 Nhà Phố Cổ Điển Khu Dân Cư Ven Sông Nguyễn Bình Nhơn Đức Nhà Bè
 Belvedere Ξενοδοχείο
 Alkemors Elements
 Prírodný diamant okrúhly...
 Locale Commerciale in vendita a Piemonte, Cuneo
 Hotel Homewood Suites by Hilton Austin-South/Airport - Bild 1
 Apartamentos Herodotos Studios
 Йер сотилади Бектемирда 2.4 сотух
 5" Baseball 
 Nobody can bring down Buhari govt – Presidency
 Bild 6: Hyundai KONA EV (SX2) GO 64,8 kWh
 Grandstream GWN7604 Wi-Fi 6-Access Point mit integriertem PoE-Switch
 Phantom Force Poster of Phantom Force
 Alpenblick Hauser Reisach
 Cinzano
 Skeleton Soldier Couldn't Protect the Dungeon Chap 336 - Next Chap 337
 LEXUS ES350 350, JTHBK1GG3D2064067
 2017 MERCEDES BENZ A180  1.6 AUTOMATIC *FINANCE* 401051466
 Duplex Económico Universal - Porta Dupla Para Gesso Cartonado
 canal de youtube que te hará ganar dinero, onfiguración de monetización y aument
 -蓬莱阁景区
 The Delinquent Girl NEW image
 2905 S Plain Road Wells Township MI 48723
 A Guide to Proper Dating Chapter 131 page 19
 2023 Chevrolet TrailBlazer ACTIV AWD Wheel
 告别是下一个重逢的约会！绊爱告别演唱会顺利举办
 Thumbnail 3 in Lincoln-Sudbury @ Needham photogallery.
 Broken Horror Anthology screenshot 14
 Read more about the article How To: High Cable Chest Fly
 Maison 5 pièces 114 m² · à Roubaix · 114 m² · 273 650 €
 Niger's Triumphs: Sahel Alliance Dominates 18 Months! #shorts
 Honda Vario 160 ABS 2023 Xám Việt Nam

┄┄┄┄┄┄┄┄┄┄

Write out exactly those lines of the records above that lie from the one with "Broken Horror Anthology screenshot 14" through the last line, including both.

 Broken Horror Anthology screenshot 14
 Read more about the article How To: High Cable Chest Fly
 Maison 5 pièces 114 m² · à Roubaix · 114 m² · 273 650 €
 Niger's Triumphs: Sahel Alliance Dominates 18 Months! #shorts
 Honda Vario 160 ABS 2023 Xám Việt Nam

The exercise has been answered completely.